___ MATERIAL PROVIDED ___

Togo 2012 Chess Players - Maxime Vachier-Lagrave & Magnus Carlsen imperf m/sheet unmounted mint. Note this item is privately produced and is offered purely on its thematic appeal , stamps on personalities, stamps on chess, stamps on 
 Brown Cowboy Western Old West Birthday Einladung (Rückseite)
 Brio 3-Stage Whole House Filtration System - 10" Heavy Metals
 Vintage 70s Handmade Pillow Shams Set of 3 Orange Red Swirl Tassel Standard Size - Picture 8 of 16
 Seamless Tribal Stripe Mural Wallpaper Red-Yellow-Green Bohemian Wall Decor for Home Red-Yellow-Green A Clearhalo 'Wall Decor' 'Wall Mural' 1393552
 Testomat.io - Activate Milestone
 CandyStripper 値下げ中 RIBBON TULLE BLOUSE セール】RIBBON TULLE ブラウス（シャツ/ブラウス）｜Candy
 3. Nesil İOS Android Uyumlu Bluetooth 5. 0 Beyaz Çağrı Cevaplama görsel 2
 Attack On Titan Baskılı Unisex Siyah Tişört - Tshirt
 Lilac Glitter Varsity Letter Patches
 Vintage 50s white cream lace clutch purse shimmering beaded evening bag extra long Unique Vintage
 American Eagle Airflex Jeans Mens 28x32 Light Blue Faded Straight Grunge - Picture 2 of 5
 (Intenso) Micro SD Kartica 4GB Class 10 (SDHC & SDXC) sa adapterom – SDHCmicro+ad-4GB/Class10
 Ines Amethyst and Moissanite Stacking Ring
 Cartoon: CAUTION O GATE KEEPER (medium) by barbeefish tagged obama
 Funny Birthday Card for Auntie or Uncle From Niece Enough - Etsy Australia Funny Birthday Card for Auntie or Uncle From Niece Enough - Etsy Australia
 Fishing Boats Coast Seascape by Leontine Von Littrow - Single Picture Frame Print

___

§ DIRECTIONS FOR THIS TASK
Only the span from the line with "Testomat.io - Activate Milestone" through the final line of the records goes in the output, each line unchanged.

§ RESULT
 Testomat.io - Activate Milestone
 CandyStripper 値下げ中 RIBBON TULLE BLOUSE セール】RIBBON TULLE ブラウス（シャツ/ブラウス）｜Candy
 3. Nesil İOS Android Uyumlu Bluetooth 5. 0 Beyaz Çağrı Cevaplama görsel 2
 Attack On Titan Baskılı Unisex Siyah Tişört - Tshirt
 Lilac Glitter Varsity Letter Patches
 Vintage 50s white cream lace clutch purse shimmering beaded evening bag extra long Unique Vintage
 American Eagle Airflex Jeans Mens 28x32 Light Blue Faded Straight Grunge - Picture 2 of 5
 (Intenso) Micro SD Kartica 4GB Class 10 (SDHC & SDXC) sa adapterom – SDHCmicro+ad-4GB/Class10
 Ines Amethyst and Moissanite Stacking Ring
 Cartoon: CAUTION O GATE KEEPER (medium) by barbeefish tagged obama
 Funny Birthday Card for Auntie or Uncle From Niece Enough - Etsy Australia Funny Birthday Card for Auntie or Uncle From Niece Enough - Etsy Australia
 Fishing Boats Coast Seascape by Leontine Von Littrow - Single Picture Frame Print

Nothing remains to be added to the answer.